Work required
Don't include pictures. Quote the lines below from the first through the line that contains "USA-Flagge Adressaufkleber (Vorne)".

(Brief descriptive captions)
☆ ☆ ☆ ☆ ☆ ☆ ☆

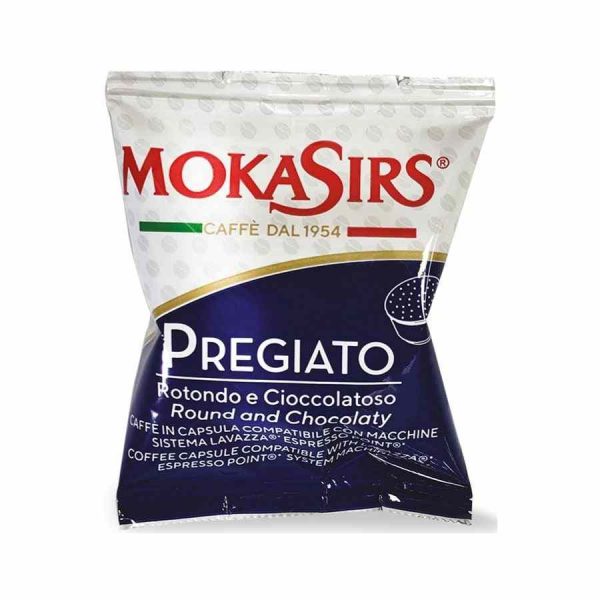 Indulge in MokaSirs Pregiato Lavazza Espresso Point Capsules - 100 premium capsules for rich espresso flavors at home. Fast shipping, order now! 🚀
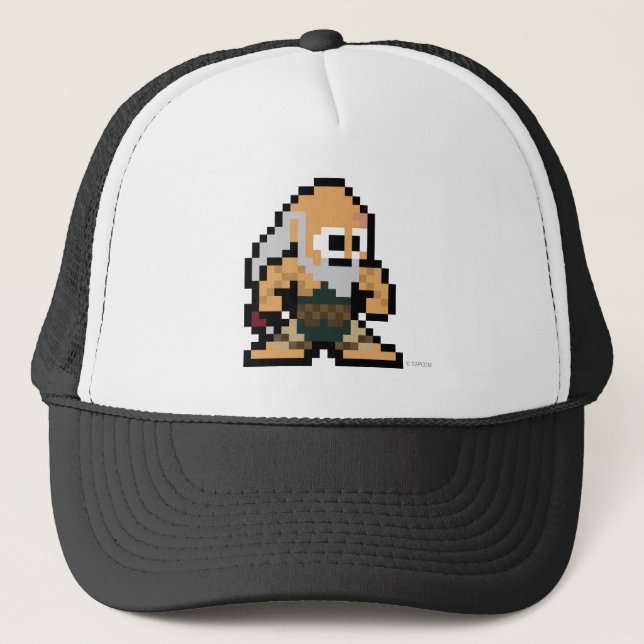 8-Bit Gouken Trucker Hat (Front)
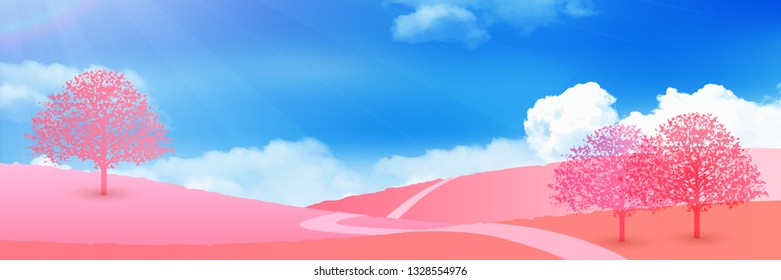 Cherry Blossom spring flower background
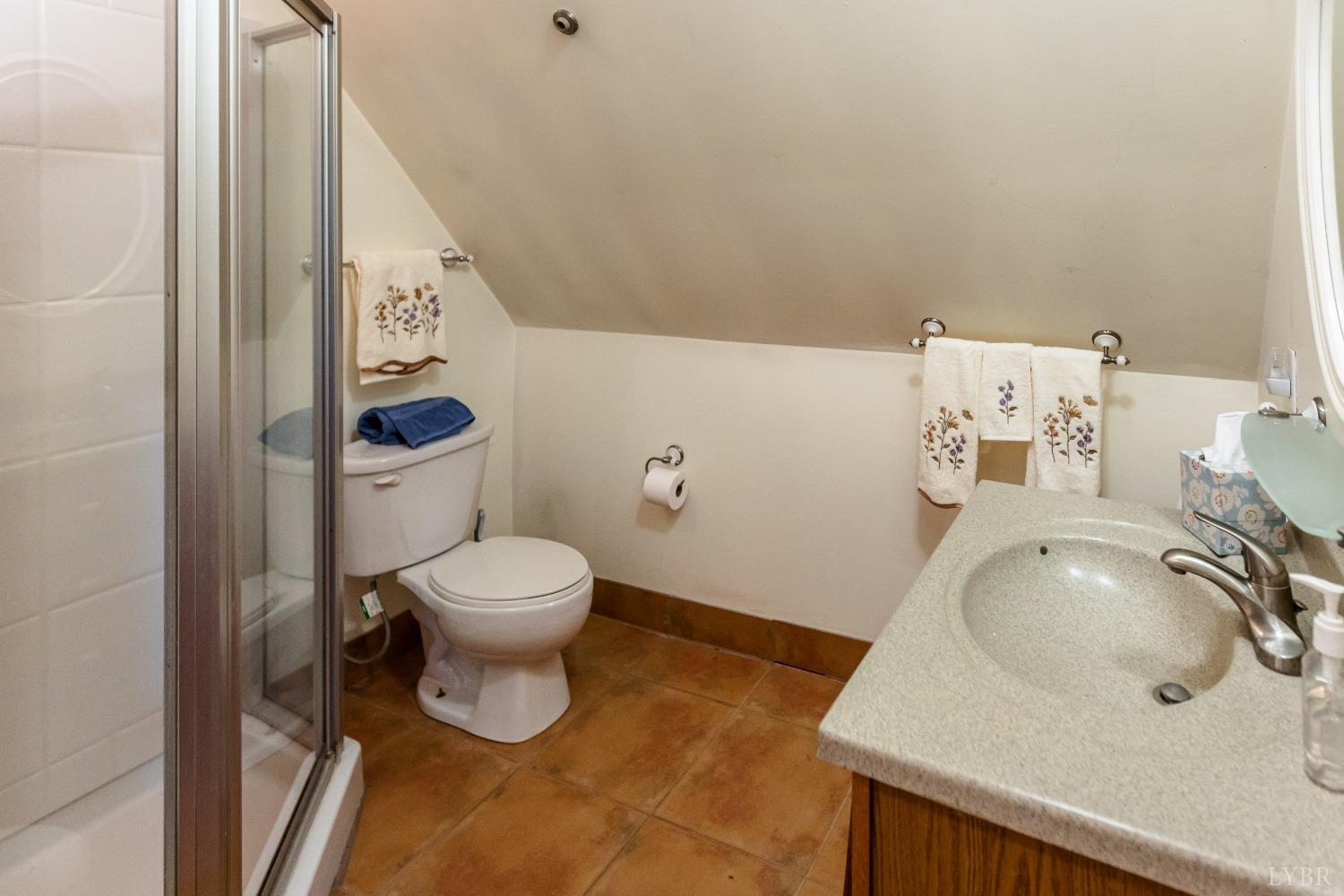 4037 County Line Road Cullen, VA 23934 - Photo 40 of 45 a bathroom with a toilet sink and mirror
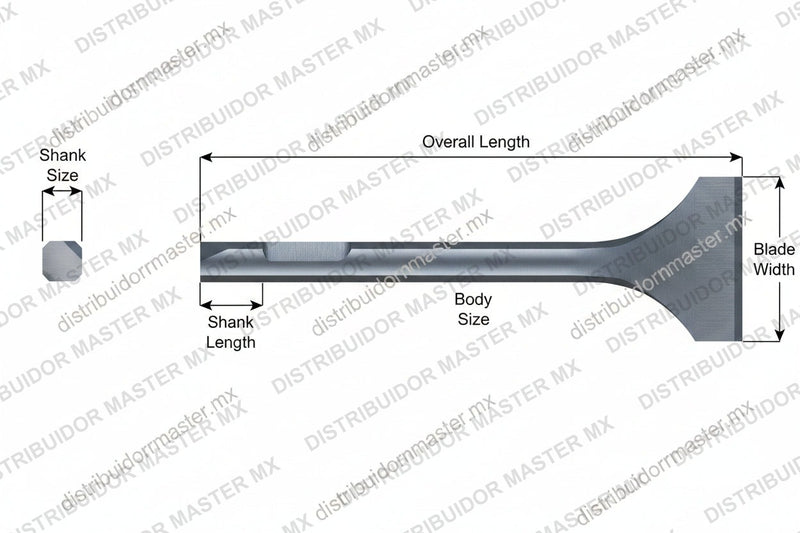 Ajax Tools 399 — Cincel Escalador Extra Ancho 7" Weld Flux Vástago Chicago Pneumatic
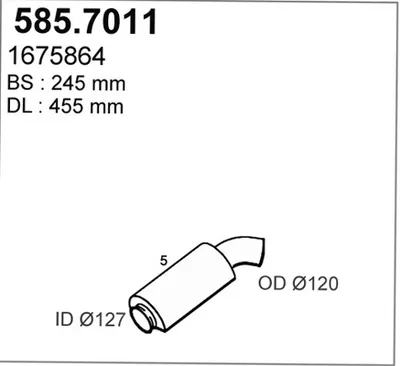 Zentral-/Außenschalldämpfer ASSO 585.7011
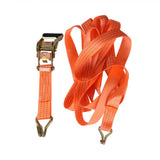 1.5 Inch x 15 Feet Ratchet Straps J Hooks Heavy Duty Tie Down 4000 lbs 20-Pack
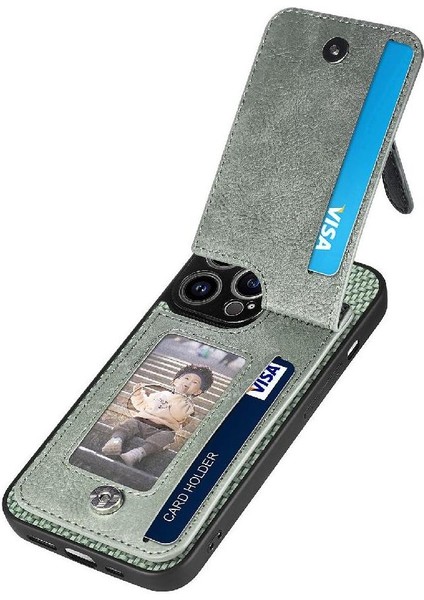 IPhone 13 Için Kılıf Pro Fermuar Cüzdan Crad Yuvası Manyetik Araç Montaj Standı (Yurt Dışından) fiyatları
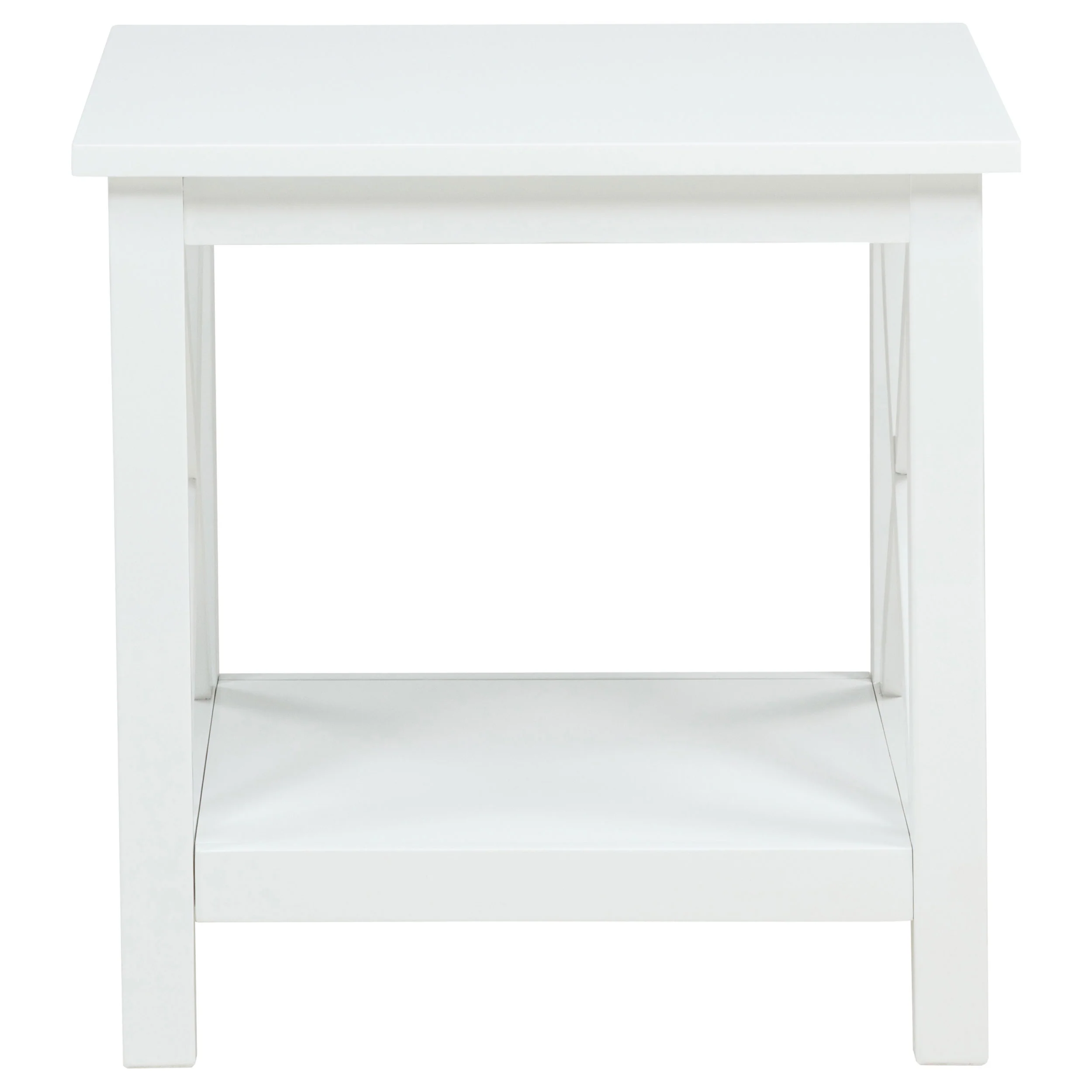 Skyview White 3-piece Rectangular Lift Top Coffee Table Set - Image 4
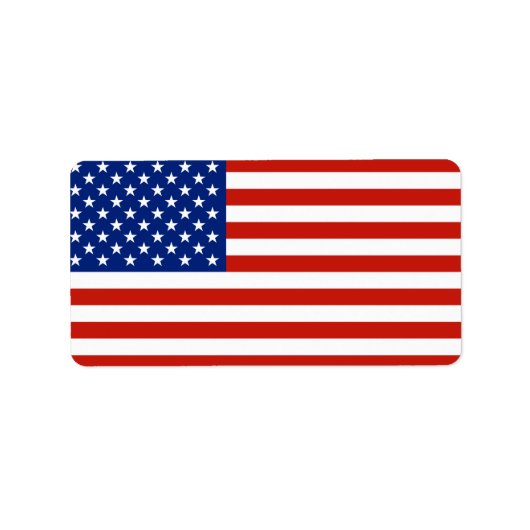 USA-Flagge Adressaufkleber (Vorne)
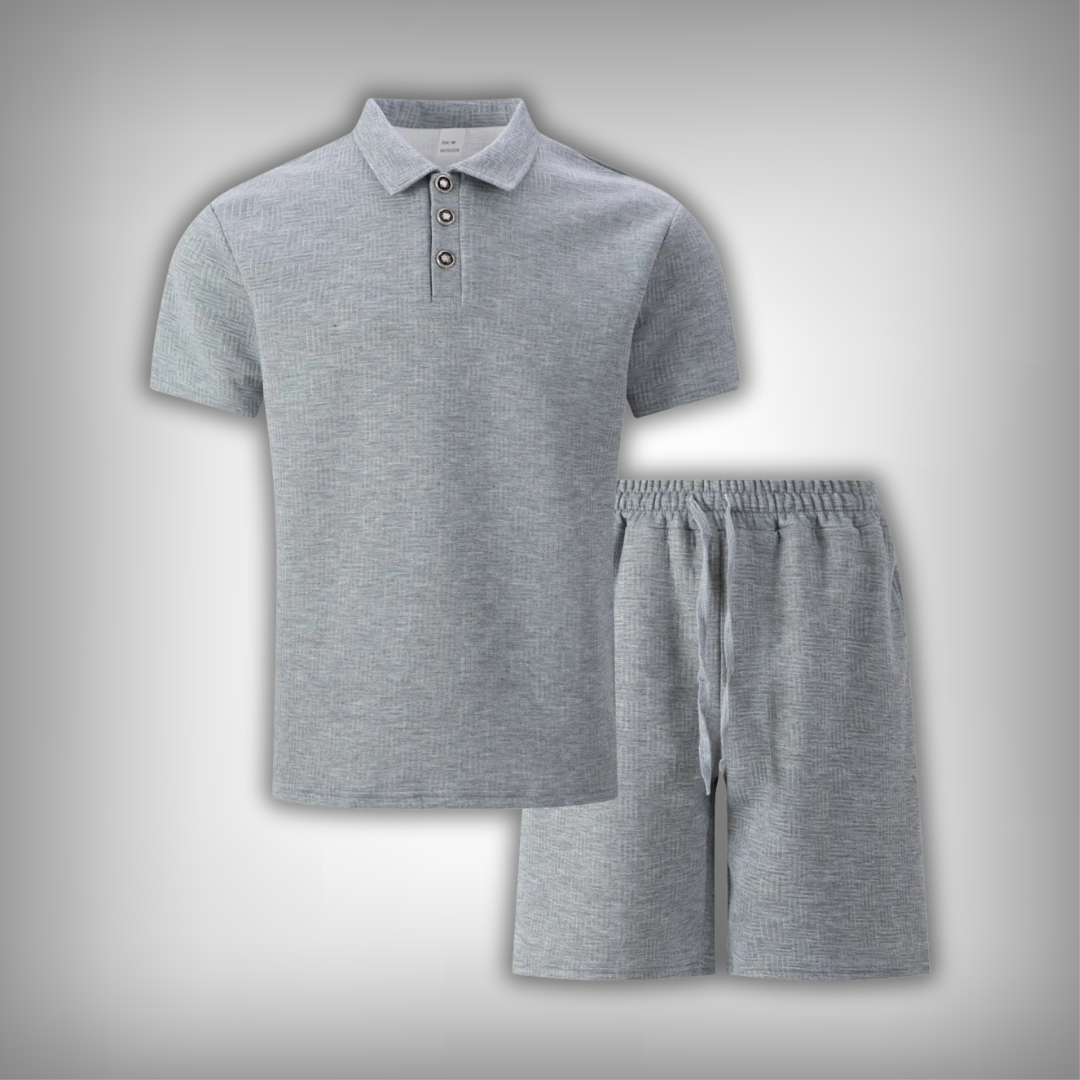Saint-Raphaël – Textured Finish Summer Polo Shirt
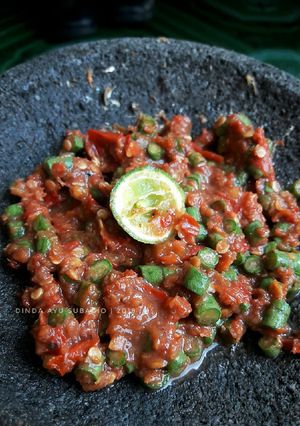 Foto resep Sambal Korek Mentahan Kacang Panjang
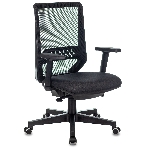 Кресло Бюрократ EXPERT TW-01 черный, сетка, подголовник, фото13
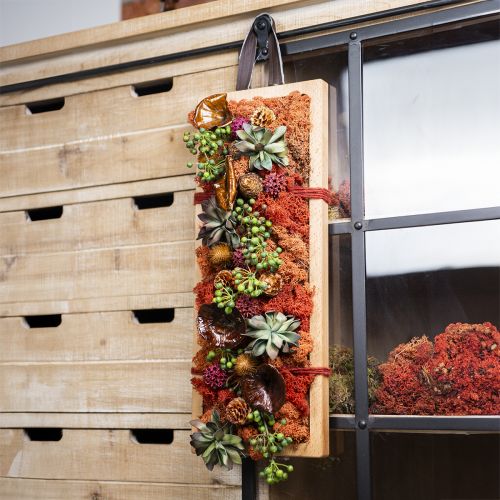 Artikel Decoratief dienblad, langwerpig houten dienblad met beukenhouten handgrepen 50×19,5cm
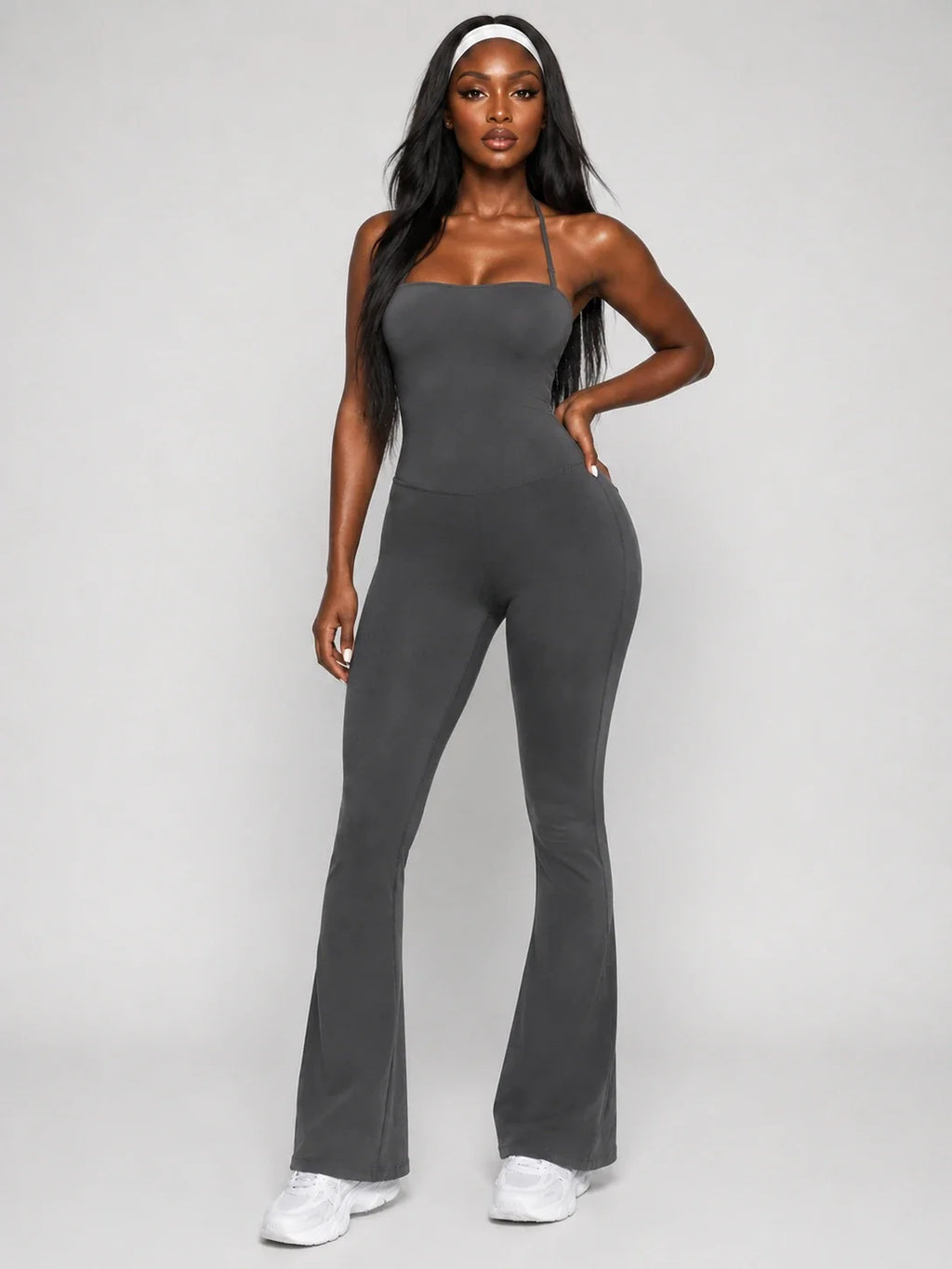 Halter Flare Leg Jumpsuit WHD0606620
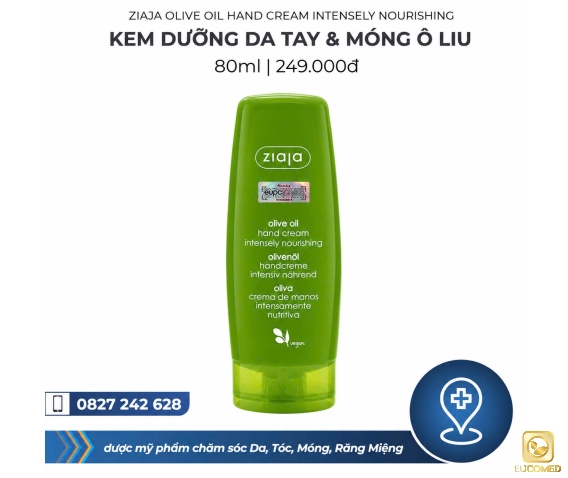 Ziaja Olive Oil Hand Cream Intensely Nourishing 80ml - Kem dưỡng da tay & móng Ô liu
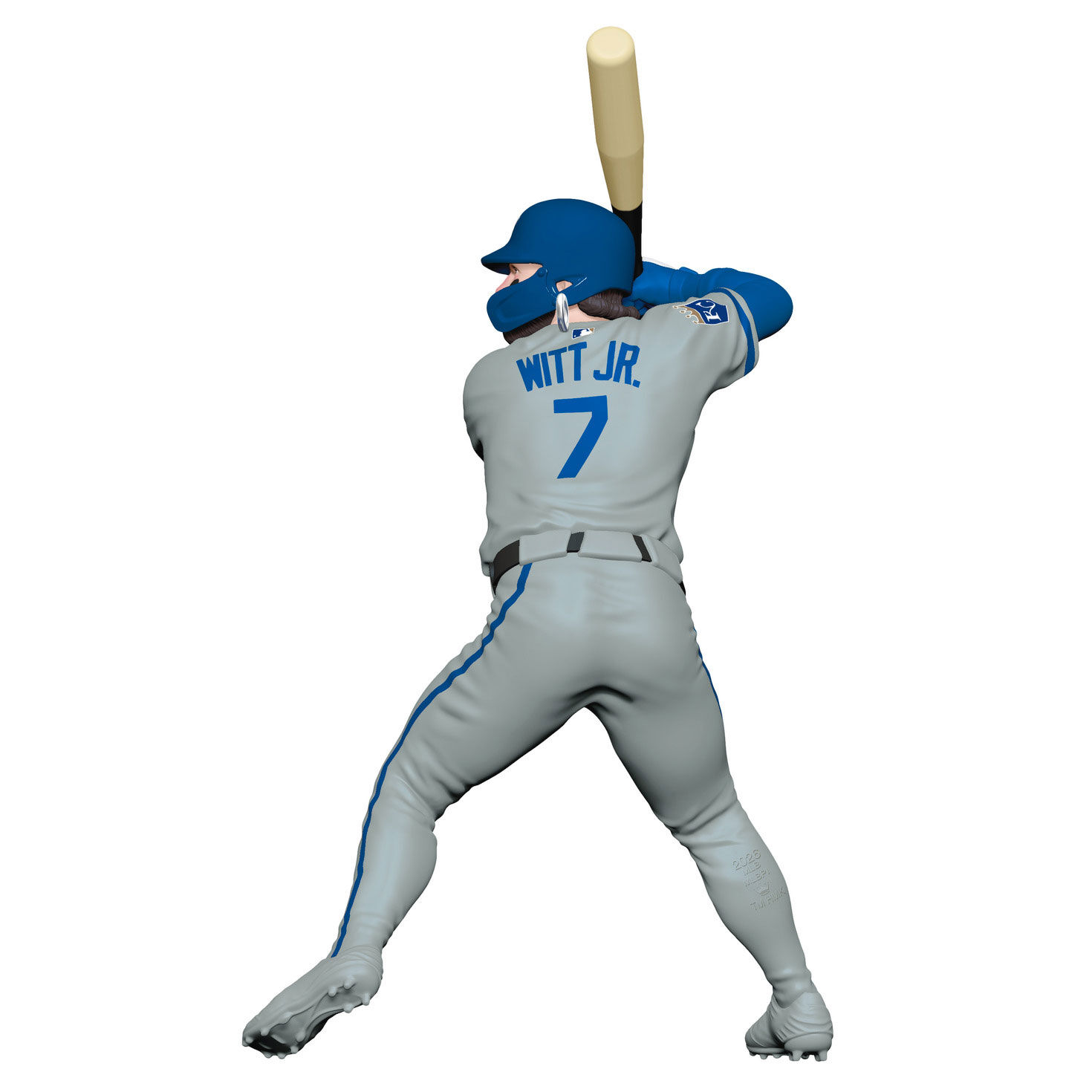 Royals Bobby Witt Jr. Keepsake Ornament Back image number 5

☆ ☆ ☆ ☆ ☆ ☆ ☆

Output below
 Indulge in MokaSirs Pregiato Lavazza Espresso Point Capsules - 100 premium capsules for rich espresso flavors at home. Fast shipping, order now! 🚀
 8-Bit Gouken Trucker Hat (Front)
 Cherry Blossom spring flower background
 4037 County Line Road Cullen, VA 23934 - Photo 40 of 45 a bathroom with a toilet sink and mirror
 Ajax Tools 399 — Cincel Escalador Extra Ancho 7" Weld Flux Vástago Chicago Pneumatic
 Zentral-/Außenschalldämpfer ASSO 585.7011
 1.5 Inch x 15 Feet Ratchet Straps J Hooks Heavy Duty Tie Down 4000 lbs 20-Pack
 IPhone 13 Için Kılıf Pro Fermuar Cüzdan Crad Yuvası Manyetik Araç Montaj Standı (Yurt Dışından) fiyatları
 Skyview White 3-piece Rectangular Lift Top Coffee Table Set - Image 4
 USA-Flagge Adressaufkleber (Vorne)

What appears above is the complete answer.